Kind of. Brambleberry has instructions on how to use it, but what you do is grate it up, heat it and then mush it into molds.

If you have eczema and/or sensitive skin, I'd go with a castile (100% olive oil) soap without adding any fragrance oils or essential oils to it.  I've got 2 daughters with eczema and have found that when we absolutely have to use soap on them, castile is the one that has the least problems.

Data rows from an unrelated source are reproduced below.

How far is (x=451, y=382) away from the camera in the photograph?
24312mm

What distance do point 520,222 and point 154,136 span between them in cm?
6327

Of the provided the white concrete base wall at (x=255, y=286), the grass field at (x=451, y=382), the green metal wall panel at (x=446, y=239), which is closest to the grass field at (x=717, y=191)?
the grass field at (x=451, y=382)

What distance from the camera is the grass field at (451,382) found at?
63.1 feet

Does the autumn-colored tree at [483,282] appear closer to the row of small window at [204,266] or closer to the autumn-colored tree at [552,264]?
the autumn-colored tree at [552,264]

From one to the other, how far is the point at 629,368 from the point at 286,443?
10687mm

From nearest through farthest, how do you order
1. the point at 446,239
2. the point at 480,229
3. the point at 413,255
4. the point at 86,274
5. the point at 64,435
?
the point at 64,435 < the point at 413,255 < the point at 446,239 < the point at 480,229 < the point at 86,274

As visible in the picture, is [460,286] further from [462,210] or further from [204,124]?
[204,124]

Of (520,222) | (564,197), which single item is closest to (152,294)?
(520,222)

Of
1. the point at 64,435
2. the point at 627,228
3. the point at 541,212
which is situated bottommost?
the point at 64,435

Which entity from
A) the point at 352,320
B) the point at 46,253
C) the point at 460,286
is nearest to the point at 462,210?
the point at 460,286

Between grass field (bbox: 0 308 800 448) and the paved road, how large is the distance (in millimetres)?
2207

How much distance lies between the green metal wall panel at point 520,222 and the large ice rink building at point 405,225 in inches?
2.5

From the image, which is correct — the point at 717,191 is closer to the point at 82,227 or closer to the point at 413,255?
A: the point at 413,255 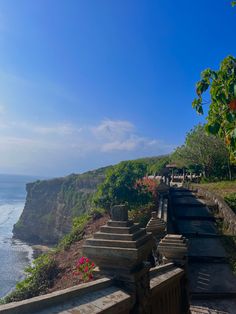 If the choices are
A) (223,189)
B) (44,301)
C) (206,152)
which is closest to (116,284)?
(44,301)

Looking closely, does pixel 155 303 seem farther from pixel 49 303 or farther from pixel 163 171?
pixel 163 171

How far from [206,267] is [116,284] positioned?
24.1 feet

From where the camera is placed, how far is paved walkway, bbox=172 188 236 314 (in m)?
7.50

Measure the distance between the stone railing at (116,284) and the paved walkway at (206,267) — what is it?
4.00 metres

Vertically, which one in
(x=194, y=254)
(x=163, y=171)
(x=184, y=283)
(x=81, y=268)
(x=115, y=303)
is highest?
(x=163, y=171)

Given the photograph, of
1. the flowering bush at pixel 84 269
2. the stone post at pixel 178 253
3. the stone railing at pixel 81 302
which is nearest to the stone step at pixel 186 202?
the flowering bush at pixel 84 269

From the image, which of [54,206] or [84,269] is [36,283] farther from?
[54,206]

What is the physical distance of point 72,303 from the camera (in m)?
2.46

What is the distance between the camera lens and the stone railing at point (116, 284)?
2.36 m

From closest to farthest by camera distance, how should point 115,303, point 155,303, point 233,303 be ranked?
point 115,303 → point 155,303 → point 233,303

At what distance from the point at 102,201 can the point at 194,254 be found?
7.47m

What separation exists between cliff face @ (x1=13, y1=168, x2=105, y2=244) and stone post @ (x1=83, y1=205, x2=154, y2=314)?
54041 millimetres

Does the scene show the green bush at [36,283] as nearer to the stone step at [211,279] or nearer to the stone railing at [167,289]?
the stone step at [211,279]

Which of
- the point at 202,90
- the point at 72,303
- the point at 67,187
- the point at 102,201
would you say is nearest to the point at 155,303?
the point at 72,303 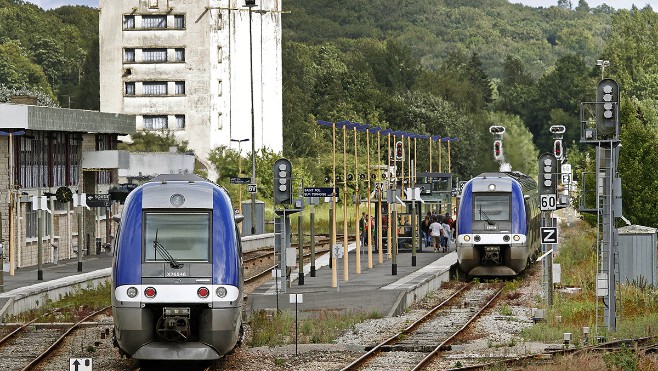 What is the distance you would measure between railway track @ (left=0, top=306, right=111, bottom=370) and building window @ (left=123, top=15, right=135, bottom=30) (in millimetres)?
70126

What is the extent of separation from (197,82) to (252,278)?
5616cm

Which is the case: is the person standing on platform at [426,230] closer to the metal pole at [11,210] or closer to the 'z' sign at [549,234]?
the metal pole at [11,210]

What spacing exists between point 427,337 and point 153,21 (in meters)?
75.1

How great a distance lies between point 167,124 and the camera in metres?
98.9

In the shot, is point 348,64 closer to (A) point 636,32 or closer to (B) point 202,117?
(A) point 636,32

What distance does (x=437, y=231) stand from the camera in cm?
5484

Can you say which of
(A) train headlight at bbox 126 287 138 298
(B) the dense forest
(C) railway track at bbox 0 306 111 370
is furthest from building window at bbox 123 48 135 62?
(A) train headlight at bbox 126 287 138 298

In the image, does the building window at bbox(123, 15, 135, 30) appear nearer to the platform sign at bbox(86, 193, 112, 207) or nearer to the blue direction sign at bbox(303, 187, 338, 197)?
the platform sign at bbox(86, 193, 112, 207)

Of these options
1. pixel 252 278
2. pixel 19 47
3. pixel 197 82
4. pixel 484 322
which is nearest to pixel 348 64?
pixel 19 47

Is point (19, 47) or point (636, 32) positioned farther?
point (19, 47)

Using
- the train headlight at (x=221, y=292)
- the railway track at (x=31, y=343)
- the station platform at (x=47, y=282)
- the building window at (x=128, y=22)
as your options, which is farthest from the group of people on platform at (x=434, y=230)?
the building window at (x=128, y=22)

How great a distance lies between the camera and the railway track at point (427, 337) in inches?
912

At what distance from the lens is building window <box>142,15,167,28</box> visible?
99125 millimetres

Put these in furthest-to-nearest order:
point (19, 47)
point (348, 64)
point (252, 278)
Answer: point (348, 64) → point (19, 47) → point (252, 278) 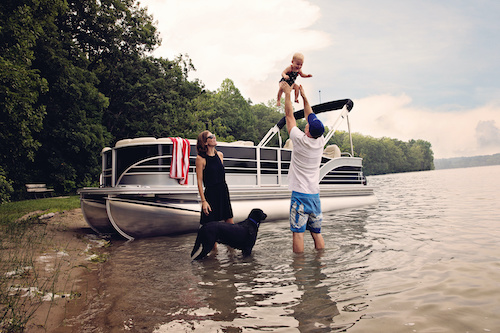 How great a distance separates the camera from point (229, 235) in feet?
18.7

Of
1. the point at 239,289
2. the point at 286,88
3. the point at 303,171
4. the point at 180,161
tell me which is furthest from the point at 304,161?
the point at 180,161

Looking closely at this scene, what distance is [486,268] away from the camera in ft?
15.5

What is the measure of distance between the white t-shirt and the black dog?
105 centimetres

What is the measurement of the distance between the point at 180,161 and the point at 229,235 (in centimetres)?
417

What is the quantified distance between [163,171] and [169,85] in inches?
879

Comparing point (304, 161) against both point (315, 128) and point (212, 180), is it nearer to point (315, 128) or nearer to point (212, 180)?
point (315, 128)

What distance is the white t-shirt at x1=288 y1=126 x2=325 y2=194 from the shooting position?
529cm

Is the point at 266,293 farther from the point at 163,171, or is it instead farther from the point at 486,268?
the point at 163,171

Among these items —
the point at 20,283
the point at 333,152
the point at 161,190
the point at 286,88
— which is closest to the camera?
the point at 20,283

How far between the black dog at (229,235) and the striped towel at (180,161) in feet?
12.2

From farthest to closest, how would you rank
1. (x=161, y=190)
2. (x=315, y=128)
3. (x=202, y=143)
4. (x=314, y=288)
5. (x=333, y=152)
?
1. (x=333, y=152)
2. (x=161, y=190)
3. (x=202, y=143)
4. (x=315, y=128)
5. (x=314, y=288)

I just saw that Brambleberry has a castile rebatch kid already grated: http://www.brambleberry.com/Grated-Rebatch-Soap-Base-Castile-P5233.aspx


----------



## lsg (Apr 3, 2013)

I think that you can safely add 2 tsp. oil or butter to one pound melted M&P.  You can add 1 Tbsp powdered goat's milk mixed with 1 Tbsp. hot water along with 1 tsp. honeyto one pound of M&P.  I found these and more ideas in the following books:

Soapmaking the Natural Way by Rebecca Ittner

300 Handcrafted Soaps by Marie Browning


----------



## samirish (Apr 5, 2013)

I have not been able to find a melt and pour base that does not leave my skin dry...sorry.  I find my skin loves cp instead.


----------



## paillo (Apr 6, 2013)

I've been really happy with the SFIC bases from Peak and Brambleberry (premium house line). They're natural bases, and I find they don't dry out my skin.


----------